As it is traditional after one of these tragedies, a few will voice outrage, most will just shrug their shoulders and change the channel to the next game or show in their eternal search for numbness, while too many will irrationally defend their right to impose a barbaric society on the rest of us and while at it, take advantage of one more opportunity to go buy more weapons and ammunition.
Have we no shame? Massacre after massacre we wake up the next morning to just expect the next one, likely very soon, and perhaps with a bigger number victims. When did we cross the threshold that allowed us to see 20 kids slaughtered like game, and in the following weeks just watch the politicians get more comfortable in the bed they share with the profiteers of this carnage?

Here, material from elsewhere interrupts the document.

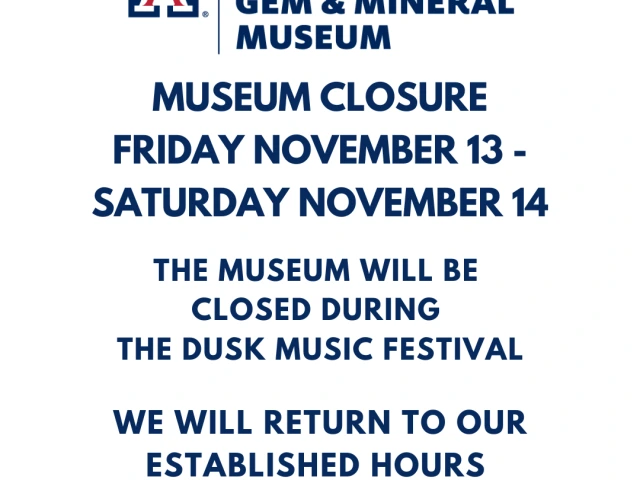 The museum will be closed November 13 and 14.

But you never know. We might have just met the man whose pain for losing his 20 year old son in Isla Vista will finally force us to look in the mirror and ask ourselves what were we thinking when we allowed a fringe group like the NRA to have the grotesque influence to elect so many shameless and cruel politicians? Again, mostly Republicans .
Meet Richard Martinez, father of Christopher Michaels-Martinez, one of the 6 students killed in last week's rampage. He hasn't minced words in calling things by their real name. He knows and remind us that if politicians had been looking after the people's interests, not complying with the NRA's agenda, his son and many others would still be with their families.
"My kid died because nobody responded to what occurred at Sandy Hook," Martinez said. "Those parents lost little kids. It's bad enough that I lost my 20-year-old, but I had 20 years with my son. That's all I will ever have, but those people lost their children at 6 and 7 years old. How do you think they feel? And who's talking to them now? Who's doing anything for them now?"
In an interview with CNN's Anderson Cooper on Tuesday, Martinez said that members of Congress have reached out to him to express their sympathy but that he doesn't want to hear it.
"Don't call me and tell me you're sorry about my son's death," Martinez said. "I don't want to hear it from you. ... I don't care if you're sorry about my son's death. You go back to Congress, and you do something."
Of course they won't.
You, Mr. Martinez, will have to keep reminding the idling majority that what is good for the NRA, is bad for everyone else; and we better do something about it.
About a local ordinance to rein in handguns like the one supported by Sunnyvale Mayor Tony Spitaleri to start with?
Menlo Park Council, are you ready to push for something meaningful?